Entries taken from a collection
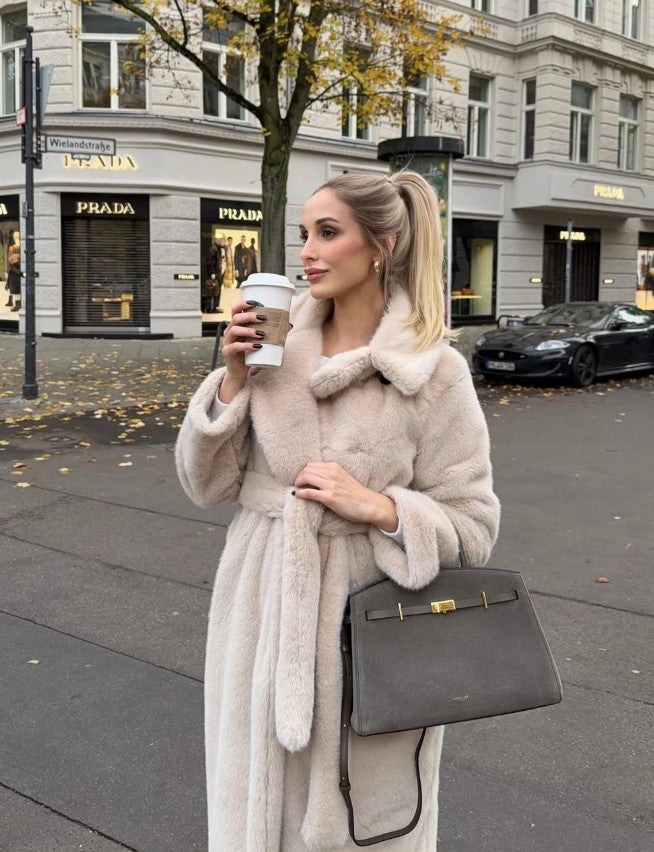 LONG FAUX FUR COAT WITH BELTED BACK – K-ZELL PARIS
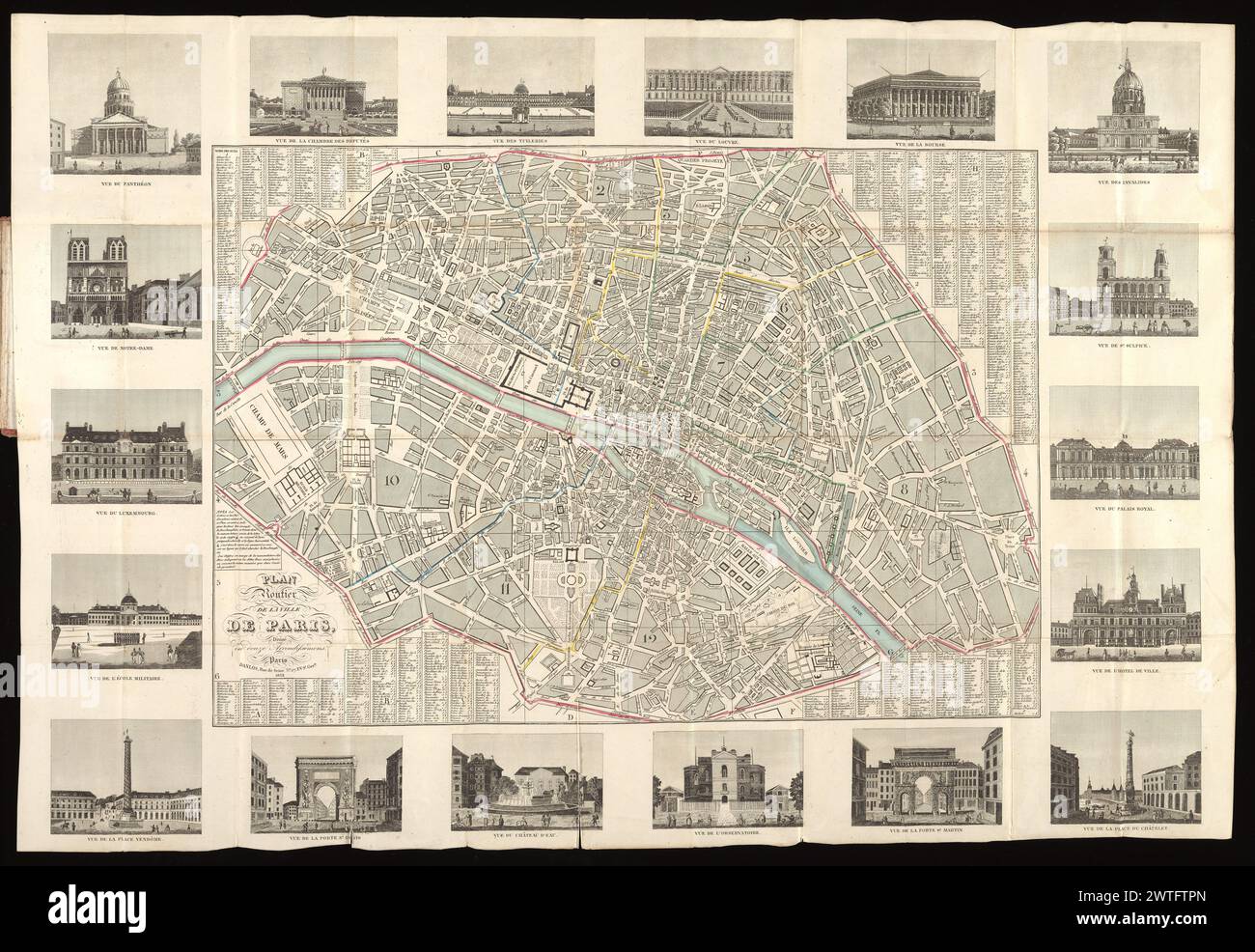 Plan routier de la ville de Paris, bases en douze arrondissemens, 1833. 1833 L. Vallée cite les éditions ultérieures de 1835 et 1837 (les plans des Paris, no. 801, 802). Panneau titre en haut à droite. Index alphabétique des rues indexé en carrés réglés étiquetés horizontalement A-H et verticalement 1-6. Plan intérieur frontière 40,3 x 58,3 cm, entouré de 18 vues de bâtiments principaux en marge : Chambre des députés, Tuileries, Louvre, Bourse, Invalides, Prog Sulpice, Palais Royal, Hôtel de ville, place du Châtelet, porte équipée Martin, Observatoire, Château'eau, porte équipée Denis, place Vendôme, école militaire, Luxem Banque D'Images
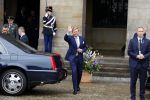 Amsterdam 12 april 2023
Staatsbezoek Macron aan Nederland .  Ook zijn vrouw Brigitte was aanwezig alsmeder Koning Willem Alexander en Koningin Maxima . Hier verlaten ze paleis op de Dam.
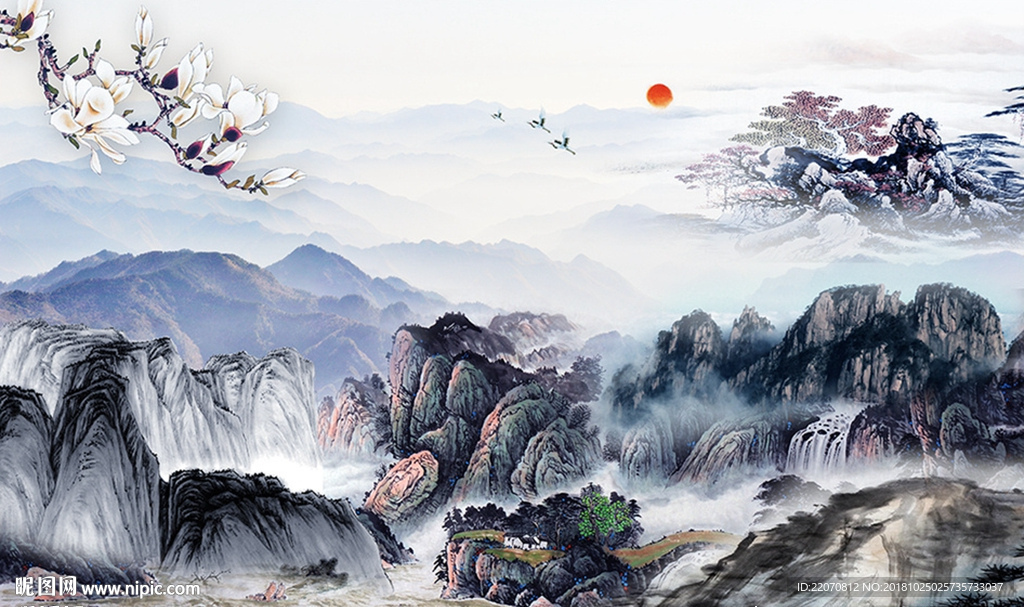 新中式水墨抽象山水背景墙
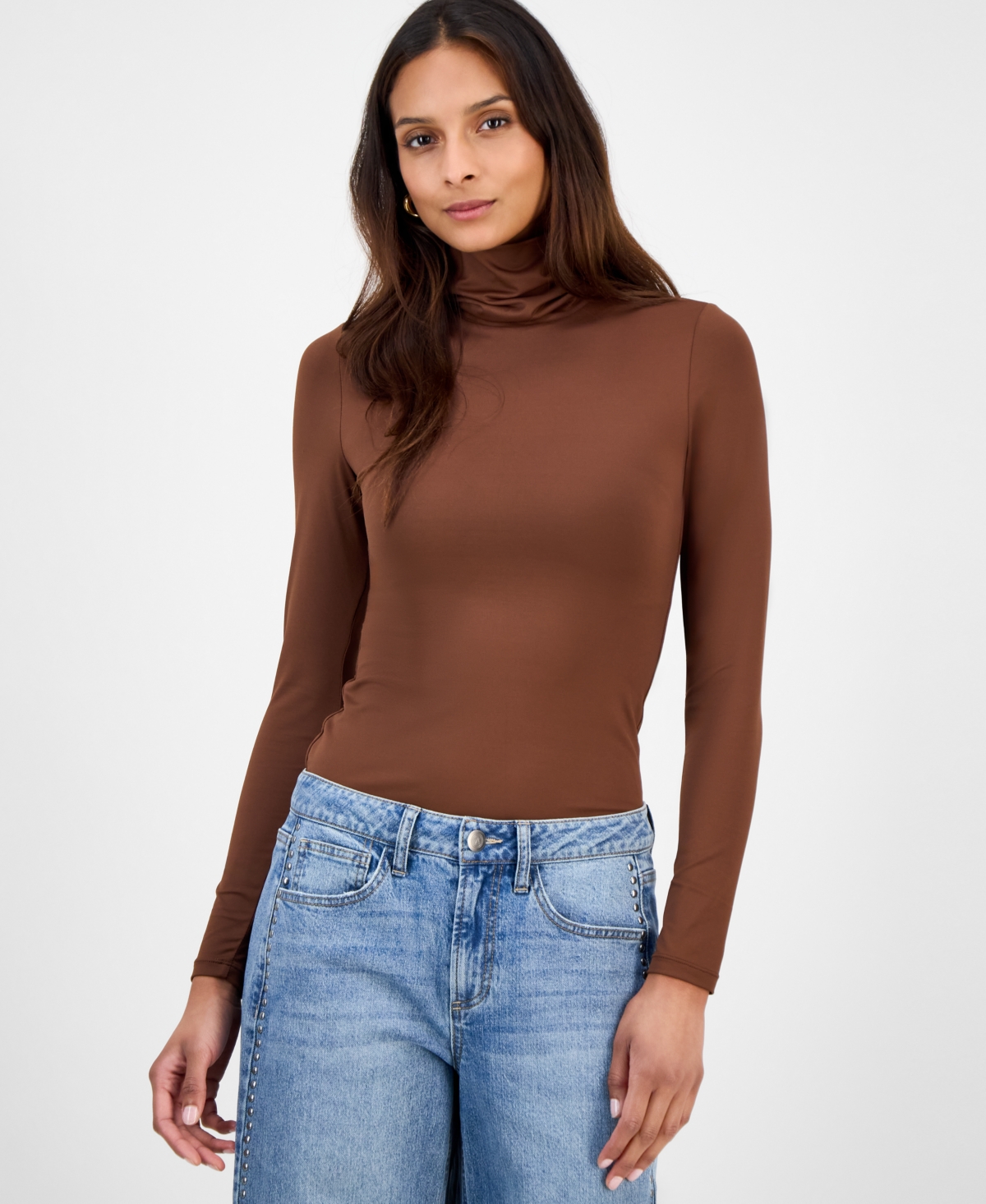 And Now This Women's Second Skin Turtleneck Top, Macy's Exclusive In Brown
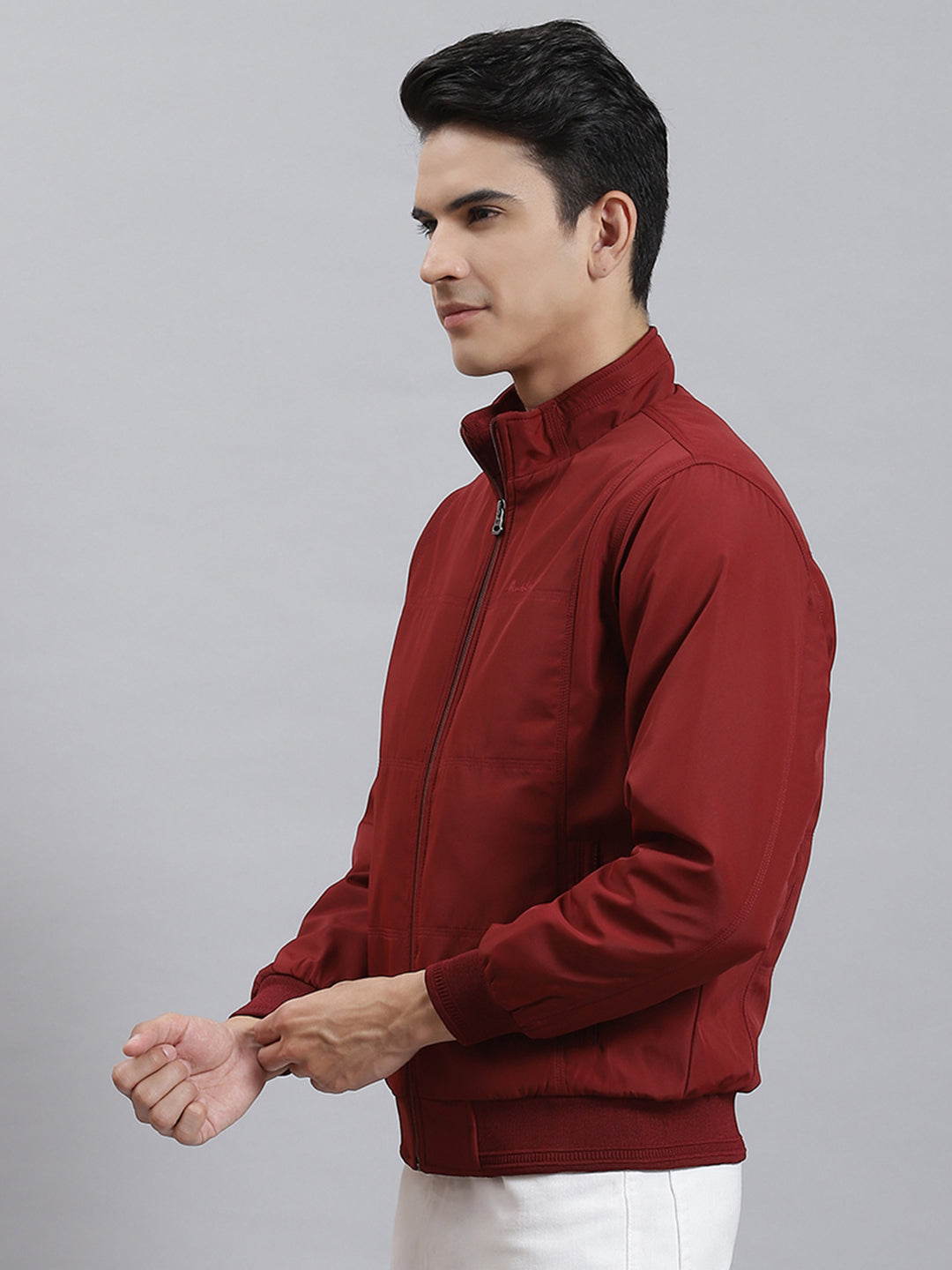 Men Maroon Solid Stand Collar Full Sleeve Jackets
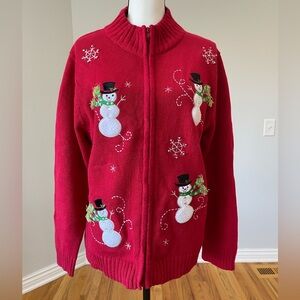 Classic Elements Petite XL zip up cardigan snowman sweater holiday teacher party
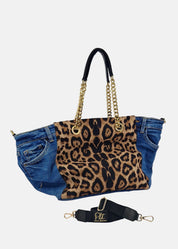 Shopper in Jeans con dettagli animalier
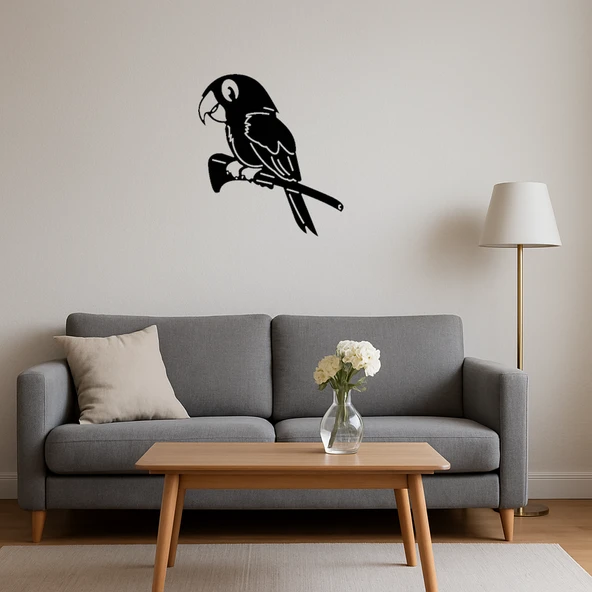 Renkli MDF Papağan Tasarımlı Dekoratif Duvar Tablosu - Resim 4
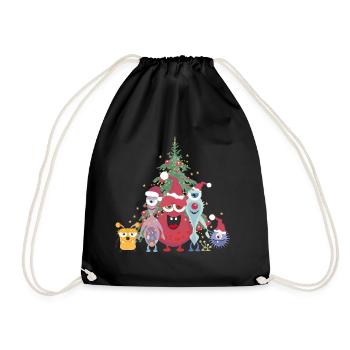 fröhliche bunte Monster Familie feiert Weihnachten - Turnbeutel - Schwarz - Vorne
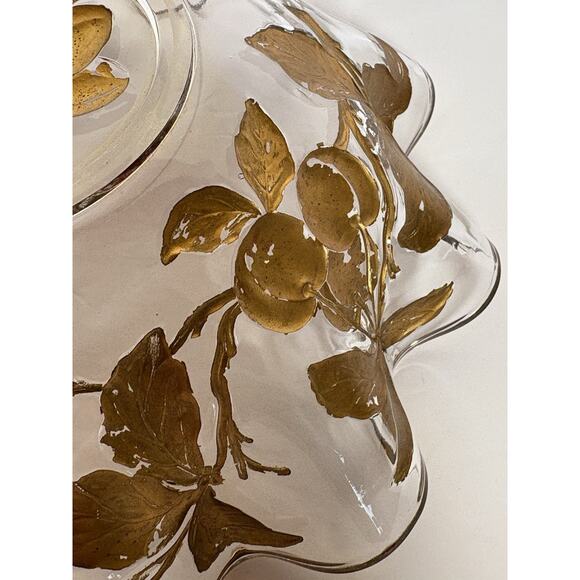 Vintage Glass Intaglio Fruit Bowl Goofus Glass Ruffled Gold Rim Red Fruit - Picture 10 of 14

WHAT IS EXPECTED
Your task is to copy only the lines above starting at the one containing "Staatsbezoek Macron aan" and ending at the one containing "Shopper in Jeans con dettagli animalier". Copy them exactly, both ends included, and omit the pictures.

ANSWER SPACE
Staatsbezoek Macron aan Nederland .  Ook zijn vrouw Brigitte was aanwezig alsmeder Koning Willem Alexander en Koningin Maxima . Hier verlaten ze paleis op de Dam.
 新中式水墨抽象山水背景墙
 And Now This Women's Second Skin Turtleneck Top, Macy's Exclusive In Brown
 Men Maroon Solid Stand Collar Full Sleeve Jackets
 Classic Elements Petite XL zip up cardigan snowman sweater holiday teacher party
 Shopper in Jeans con dettagli animalier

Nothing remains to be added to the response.